„Wider die öffentliche Ordnung und die guten Sitten“. Eine Annäherung an die japanische Generalklausel aus europäischer Perspektive

Sandra Hotz

Empfohlene Zitierweise: S. Hotz, „Wider die öffentliche Ordnung und die guten Sitten“. Eine Annäherung an die japanische Generalklausel aus europäischer Perspektive, in: ZJapanR / J.Japan.L. 25 (2008) 105–129.

Abstract


The article outlines what kind of contents and circumstances of contracts are against “public order and good morals” according to Japanese contract law (Art. 90 Minpô) while examining the history of reception, the terms, the dogmatic understanding, and selected examples of contracts. From a dogmatic point of view, the historically laid interaction between Art. 90 and Art. 91 Minpô (private autonomy) is still interesting: There is no general rule for “illegality” of a contract in the Japanese civil code as there is in the German or Swiss civil codes (§ 134 BGB, Art. 19 f. OR). Therefore, there are differences in the relation of illegality and immorality. Furthermore, it is controversial whether the violation of “public coercive law” is covered by Art. 90 Minpô or by Art. 91 Minpô. In questions of terms, the definition of “public order” (öffentliche Ordnung) is problematic. From a comparative view, this term and other “orders” such as the “family order” or the “economic order” seem much more important in Japanese law than the term “good morals”. According to Japanese doctrine, though, the terms cannot be distinguished.

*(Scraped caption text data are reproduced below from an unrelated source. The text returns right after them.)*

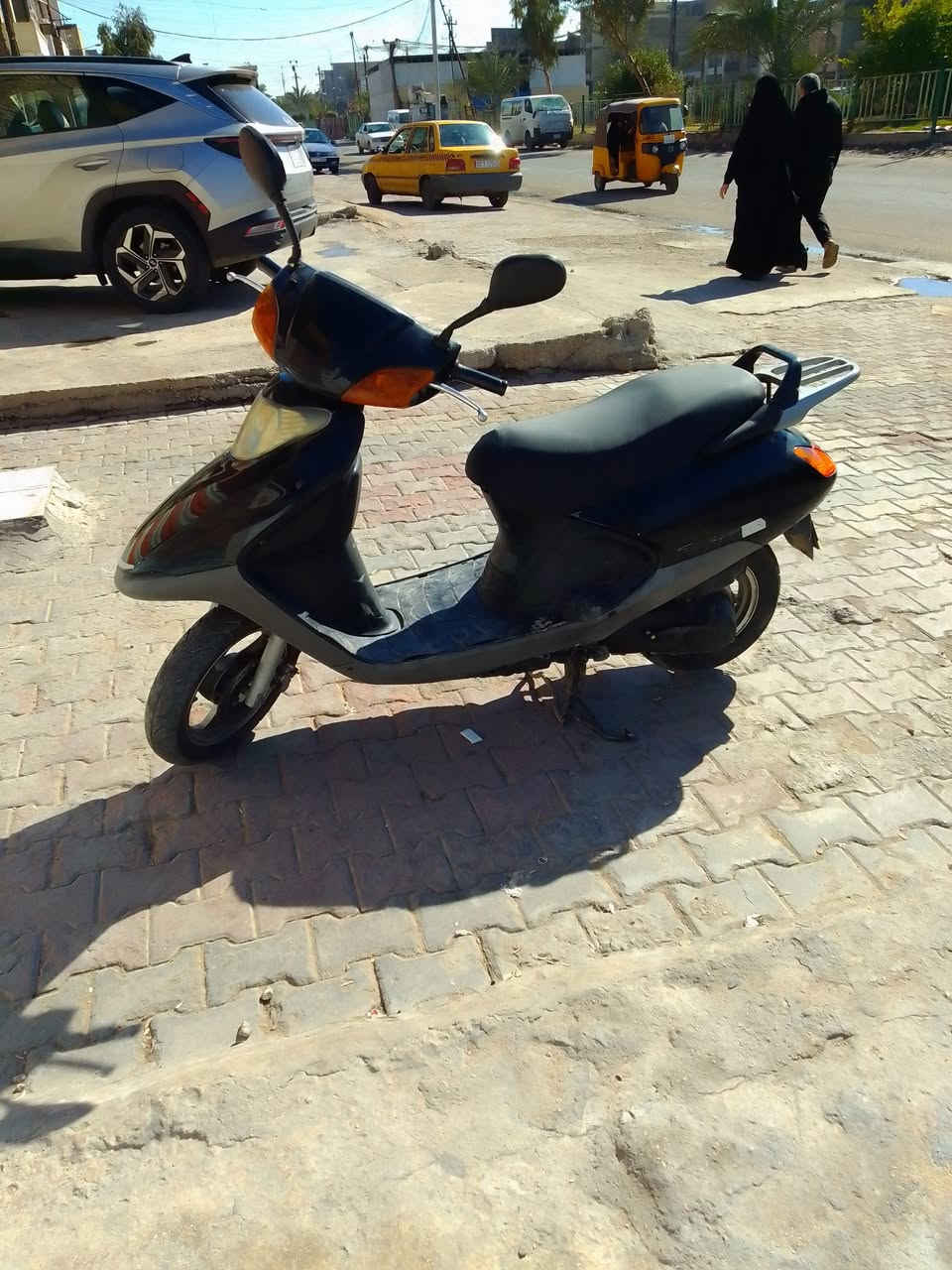 السلام عليكم ورحمة الله دراجه سبيسي جديده سلف هندر كهربائيات كلها شغاله عدا كيج البانزين كلها جديدة لوك منفيس اوراقها كامله خير من الله سعرها 600للتواصل خاص مو جود للاتصال ***********
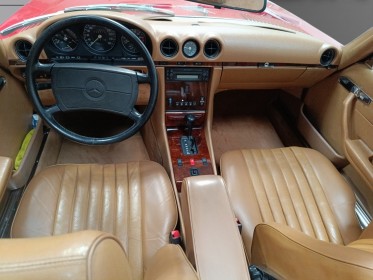 Mercedes 560 sl r107 v8 5.6l 242ch sl occasion simplicicar lyon ouest simplicicar simplicibike france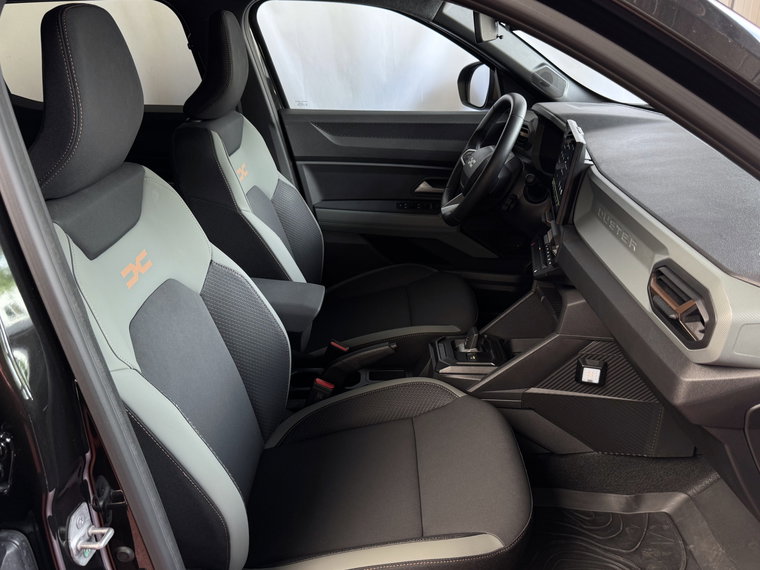Vehicle Image 32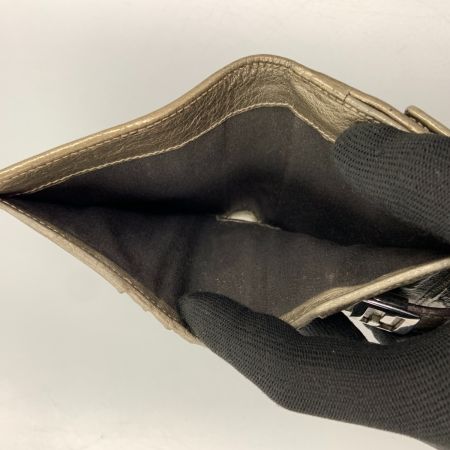  FENDI フェンディ ズッカ柄 二つ折り 短財布 ベージュ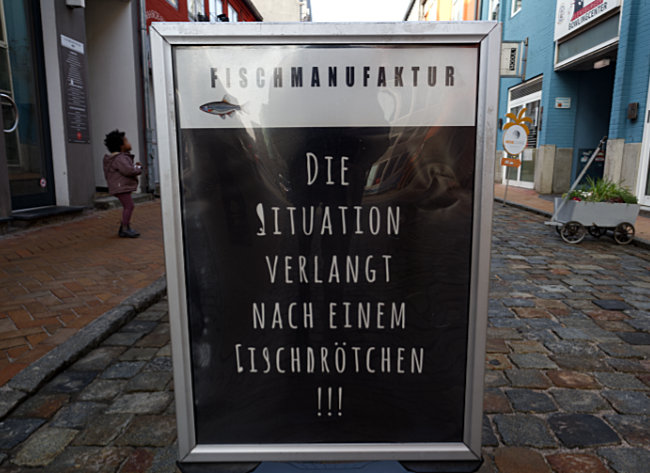 Flensburg, Sign in Rote Straße: The situation calls for a fish sandwich! - Bremen sehenswert - distant places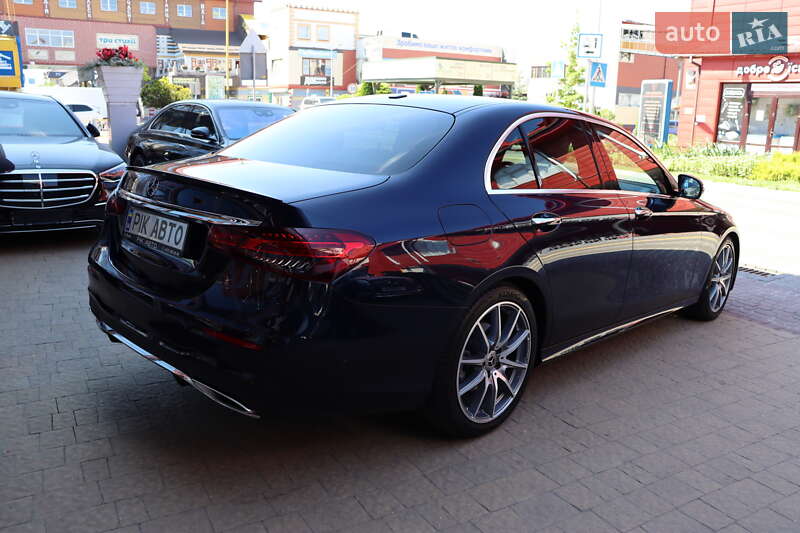 Седан Mercedes-Benz E-Class 2022 в Львове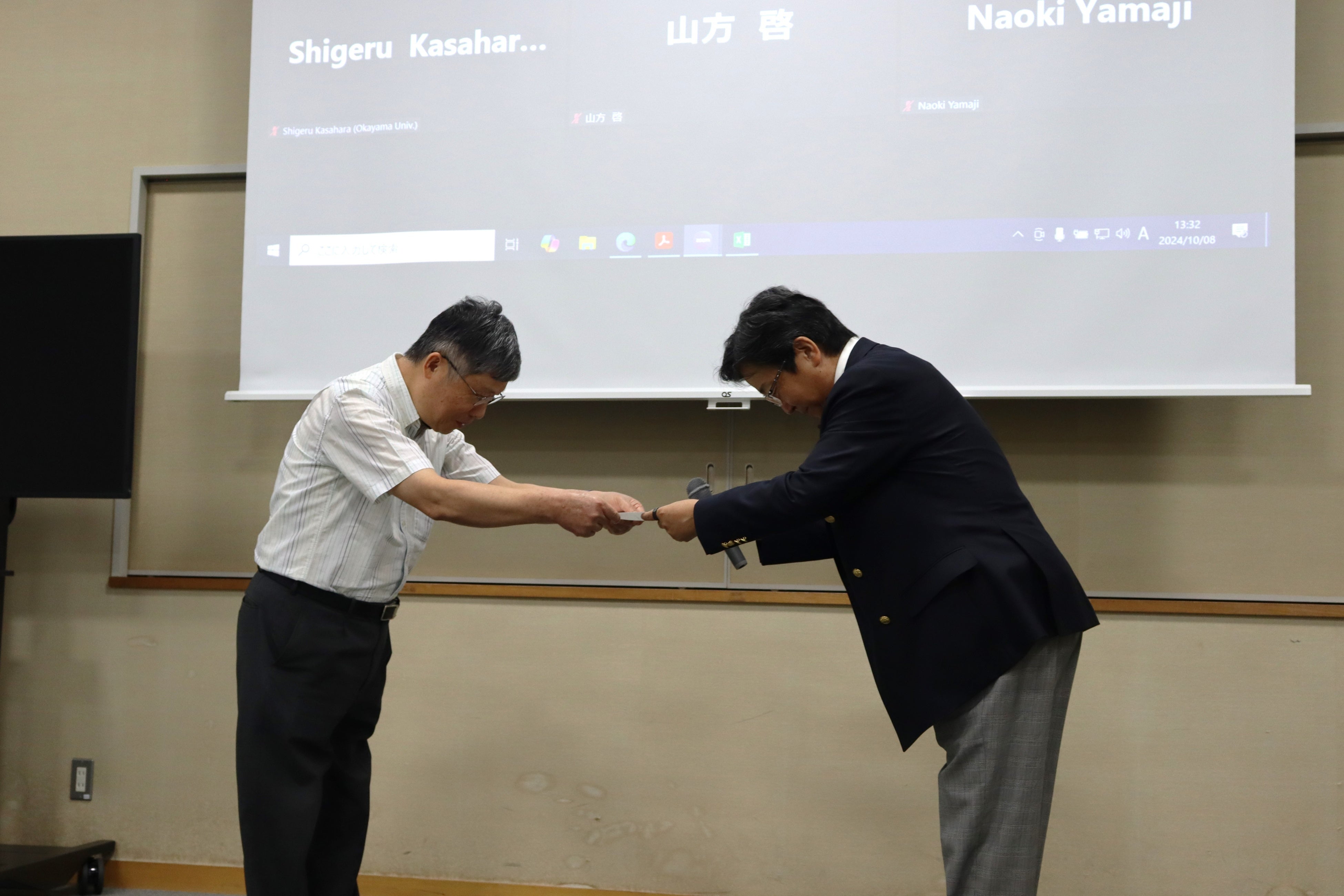 那須学長から辞令交付を受ける拠点研究者（左）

One can examine not only legal differences but also cultural differences with selected examples of contracts – such as the prostitution contract or two other related and classical examples of Japanese jurisdiction, gei shôgi keiyaku, the contract of surety with dependants, more precisely with employees at bars, or the surrogate mother contract. Overall in Japan as well as in Germany and Switzerland, one can observe a tendency to restrain the private autonomy in contracts in favor of the idea of justice, and therefore also for the extension of Art. 90 Minpô. Two civil law theories – one by Atsushi Ômura, who has developed a theory based on thoughts about justice, and one by Keizô Yamamoto, who links Art. 90 Minpô with an interpretation according to constitutional rights – offer the necessary theoretical foundations. On the other hand, there is a bias toward neglecting the contractual right of self-determination of adult women when it comes to prostitution or surrogate motherhood.